**What you have to do**
Please restate exactly the lines from the one holding "Écran de menu" to the end of the material, including both ends and excluding every picture.

**Data provided**

▽

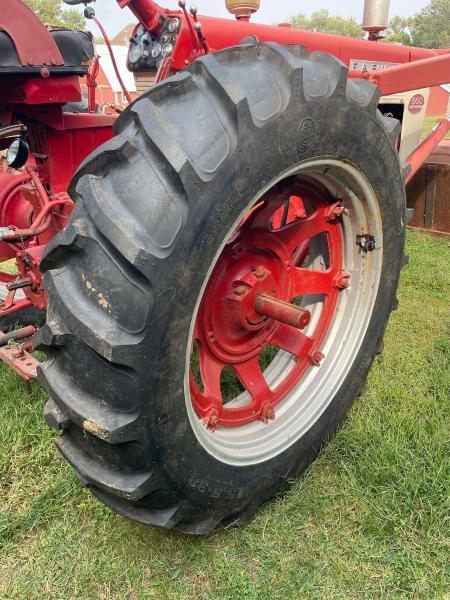 Image of Farmall 560  equipment image 4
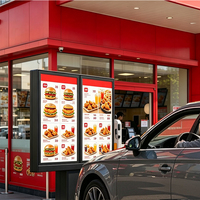 Écran de menu drive-in IP65 simple, double ou triple avec système d'interphone et casque de kiosque pour commandes extérieures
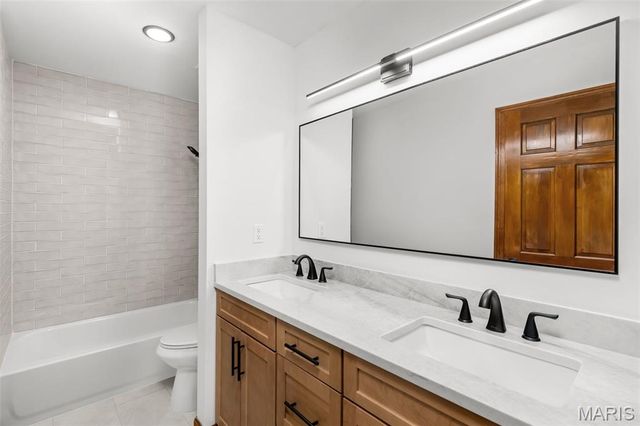 11228 Mosley Farm Court, St Louis, MO 63141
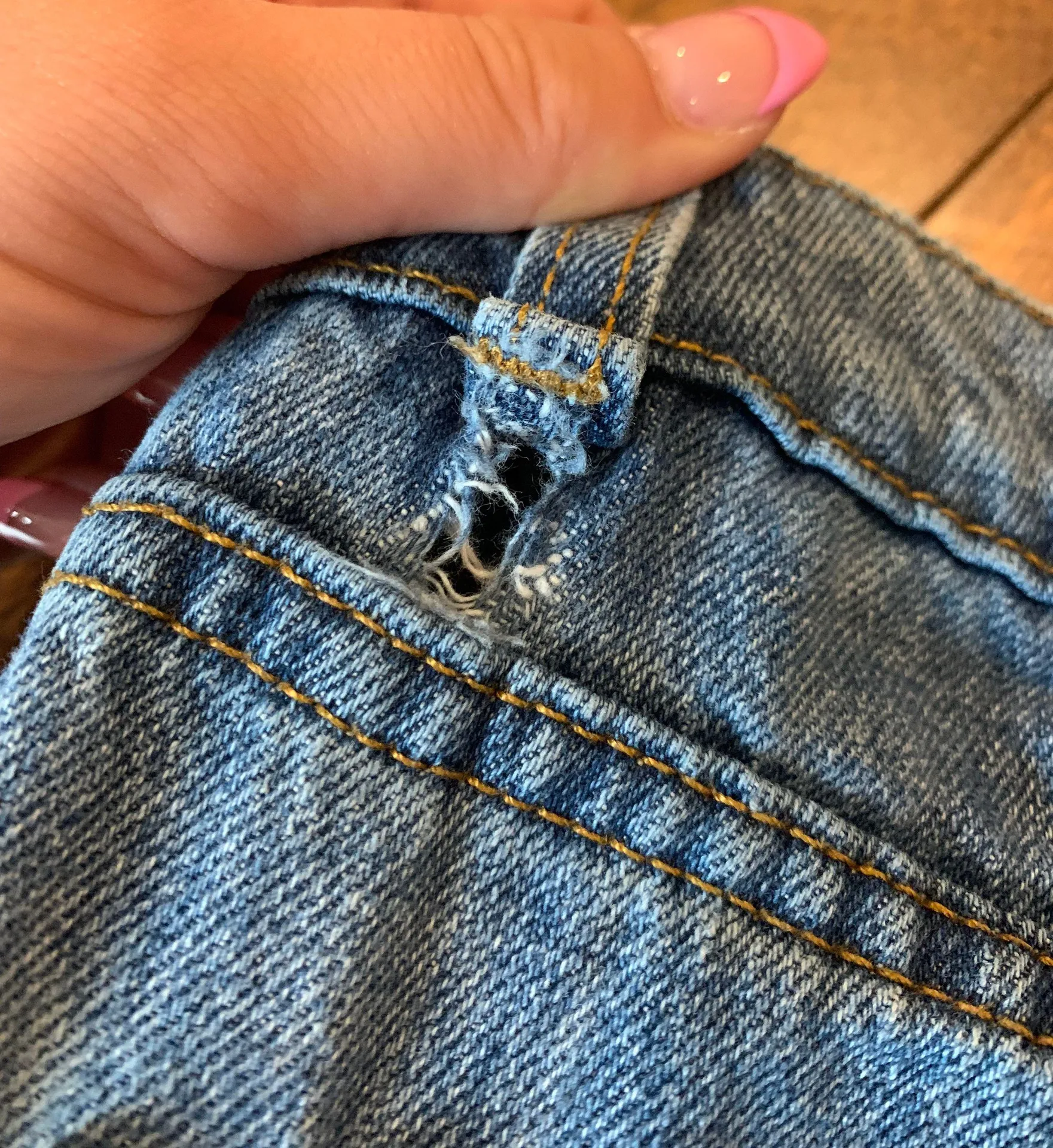 BDG Mom High Rise Jeans - Image 3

△

**Exercise result**
 Écran de menu drive-in IP65 simple, double ou triple avec système d'interphone et casque de kiosque pour commandes extérieures
 11228 Mosley Farm Court, St Louis, MO 63141
 BDG Mom High Rise Jeans - Image 3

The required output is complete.